# Hunting Port Huron State Game area hunting



## sparty75003 (Dec 15, 2011)

has any one ever hunted this place before i am just trying to find some new ground to hunt closer to home just looking for some info on it


----------



## d_rek (Nov 6, 2013)

I've been up there 4 times but I wouldn't say I seriously hunted it any of those times. Or rather wasn't ever going to kill a deer the way I hunted it. 

Once was one of the worst days i've ever been out the 2nd year I started hunting. I went with my FIL and my wifes Uncle for muzzleloader and it was just nasty windy, snowy, blustery day. Hiked in maybe 1/4 mile off one of the main road accesses (I'll be damned if I knew which one). 

I was then up there 3 other times 2 years ago bowhunting when i had a climber. I went in off of Shoefelt rd. This was the first time I took my climber out more than a hundred yards. Probably hiked 1/4 mi to 1/2 mile and my shoulders were completely wasted. But I did find some isolated apple trees that I gps pindropped. There was a nice scrape in the area but I was still pretty amatuer about hunting blind calling and rattling and whatnot and never saw anything. It was also a midday hunt and I went up and down a couple of steep valleys and crossed an iced-over creek. Only sat out for a few hours because I wasn't terribly familiar and didn't want to risk the hike in the dark. 

The next time I went up was off of Metcalf rd. where they have a CRP field and a couple of ponds. This was late season during muzzleloader but I took my bow and climber anyway. Walked in quite a ways with my climber again completely blowing out my shoulders ( I shutter to think what would have happened if I actually saw a deer and had to pull back my bow). Saw tons of tracks / trails and a nice scrape but it was all in open timber. Found trails going into some thick cedar/pines that was probably bedding. Again a mid-day hunt that was un-productive. As I was leaving a local couple pulled up with his muzzy locked and loaded uncased in the back seat, jumped out said hello and marched off into the woods with a determined look. 

The last time I was up there was also for late season there was snow on the ground and went in off of Bryce Rd and tried my hand at a spot and stalk. Had the place to myself as it was the middle of the week. Walking in I noticed there was pretty fresh blood drops and drag marks back to the parking area. I followed the blood up to a CRP field there, mosied around for a few hours and counted 5 different stands in the area. I did find a couple of really nice buck rubs though.
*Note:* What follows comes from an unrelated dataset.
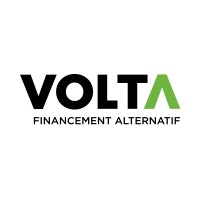 Financement Volta logo, Financement Volta contact details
My sense of the area is that it probably holds some really nice deer but you are going to have to work for them and really work your tail off to find the sign and get away from the other hunters. I wouldn't want to be up there during rifle season either. My wifes uncle shot a doe up there (supposedly) a while back... but i'm not even sure he remembers how long ago it was. I have not even so much as seen a deer up there. As with any state land i'm sure it gets hammered. 

Still It's a beautiful area and i've hiked Beards Hills and have canoed down the black river. Some of the best terrain in Southern MI. Again, if you were so inclined to properly scout it in in the post season and try to find places where other hunters aren't you would probably be rewarded thusly. 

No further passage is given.